Because I refuse to carry around the giant 1Q84, I've been reading two books at once. While I'm working my way through Murakami's heavy novel at home, I've been carrying Marilynne Robinson's Housekeeping in my bag to read here and there when I'm out and about.
Reading these two side by side has made me realize that, for me, there are two distinct types of great authors. One is the kind of author that Murakami is, who writes stories that make me wonder how something so complex and unique can come out of a single person's head. The other kind of author gives the impression that their story wasn't something that was fully formed in their imagination, but something that was really labored over slowly, with every word precisely chosen and carefully considered. Marilynne Robinson falls into that latter category. As I read Housekeeping, I could almost feel the thought process that went into perfecting every single word.

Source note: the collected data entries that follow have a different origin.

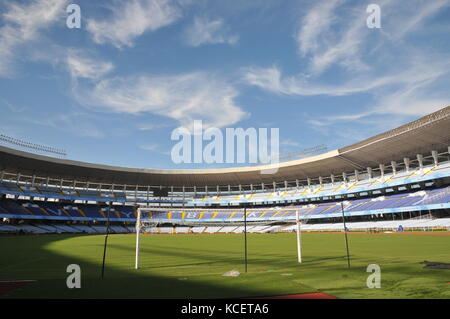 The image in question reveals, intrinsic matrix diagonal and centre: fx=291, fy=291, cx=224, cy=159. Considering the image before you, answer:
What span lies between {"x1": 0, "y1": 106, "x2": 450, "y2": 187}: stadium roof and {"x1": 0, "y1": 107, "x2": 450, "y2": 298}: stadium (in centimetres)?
26

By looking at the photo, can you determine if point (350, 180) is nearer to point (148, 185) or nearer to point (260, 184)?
point (260, 184)

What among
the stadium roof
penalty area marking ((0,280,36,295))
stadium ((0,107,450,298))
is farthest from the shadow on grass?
the stadium roof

The novel centers around two sisters, Ruthie and Lucielle, who are left in the care of their elderly grandmother after their mother commits suicide. When their grandmother passes away, their eccentric aunt Sylvie ends her transient lifestyle and takes up residence as their caregiver. As the girls age, they begin to drift apart. Lucielle, embarrassed by Sylvie's increasingly erratic and dreamy behavior, finally breaks with the family to live with a neighbor. Ruthie, left alone with Sylvie, becomes further drawn in to her strange world. The town begins to notice and suspect Sylvie of neglect. When the local court threatens to step in and split up Ruthie and her aunt, the pair decides to run and return to Sylvie's nomadic, drifter lifestyle.
This is a quiet, densely detailed novel. I'm not sure I can say that I loved the story as a whole, but there were many moments and descriptions throughout that I did love. The pace is just a bit too slow to be a truly compelling read, but the writing itself is just lovely. It's worth reading just for the sake of marveling at Robinson's skill.